In the 18th century, Europe’s fascination for tea, silk and porcelain from China created a one-way trade between the two regions in favor of China. Insatiable demand for tea alone by England had severely depleted the British Empire's stockpile of silver dollars. To avoid a financial meltdown the responsibility was given to the British East India Company (EIC), a joint-venture trading company backed by the Monarchy, to find a solution.
The EIC’s answer was to use opium from Bengal in lieu of paying silver dollars.
After engineering the breakup of the Indian Moghul Empire, the EIC had its first major success in India by conquering Bengal in 1757 giving them monopoly over the lucrative crop – opium.
Unlike England, the importation and use of opium was not legal in China, but this was not going to stop the EIC. The company was determined to find a way to sell the banned substance to China. With a population of 300 million, more than 20 times the size of England, the sale of opium to China represented a great opportunity to address the rapidly depleting silver dollars in the British treasury.
The only way to get around the ban was resort to smuggling. To remain respectable the company outsourced this despicable activity to a network of EIC-sponsored distributors and traders; one of the largest in-country trader was Jardine.
EIC’s opium-filled cargo ships (equipped with long range cannons) would land on Lintin, a small uninhibited island south of China (just off Guangzhou or Canton). It was from this island that local in-country distributors moved the illegal substance ashore under the watchful eye of EIC's cargo warships anchored within striking distance of the mainland.
By 1831, the value of opium smuggled into China was two-and-a-half times that of tea – quickly reversing the trade imbalance between the countries. EIC became the largest government sponsored drug trafficker and smuggler in the world.
Quite apart from the financial drain, the devastating effects of opium addiction on the Chinese
The confiscated opium and cessation of smuggling activities severely affected the fortunes of the shareholders of EIC and Jardine. As a result they sent a representative to lobby the British parliament asking for British military aid to help them recoup their losses from China.

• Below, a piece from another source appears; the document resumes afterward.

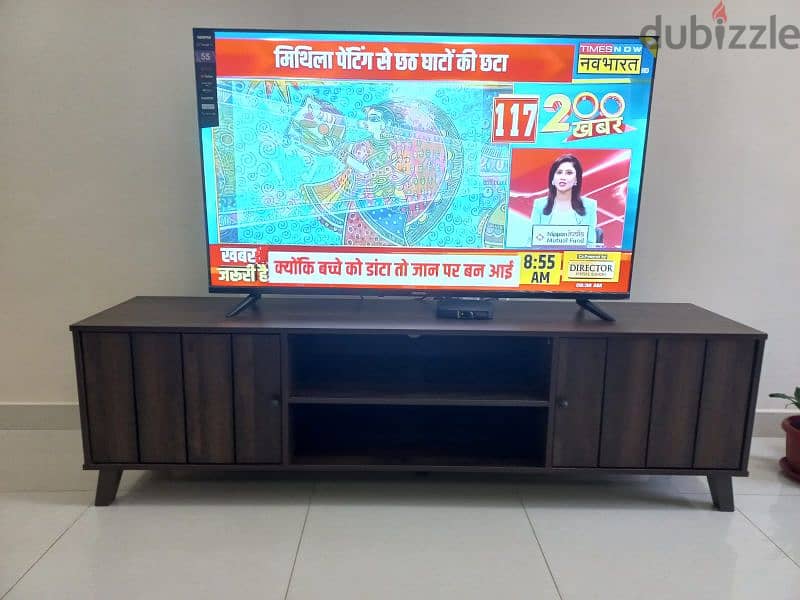 4 month used 55" led smart tv, Geepas brand plus tv stand 0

With the support of the Monarchy and her parliament, the British sent an armada of warships, 4,000 Scottish, Irish and Indian troops and bombarded a number of seaports leading up to Canton (Guangzhou) in retribution for the "wrongs" inflicted on British smugglers by the Chinese general. The first Opium War had started without a declaration of war or warning from the British armada.
The cannons that the Chinese had were only aimed at one fixed position and were no match for the flexible and long-range cannons mounted on fast moving British warships. With superior and flexible fire power, the British successfully carried out a series of attacks on a number of Chinese cities laying to ruins each one of them. British soldiers pillaged and burned towns as they moved up the eastern seaboard and demanded “protection money” in return for immunity from further bombardment. By the time the armada reached Nanking (Nanjing) – the Emperor admitted defeat.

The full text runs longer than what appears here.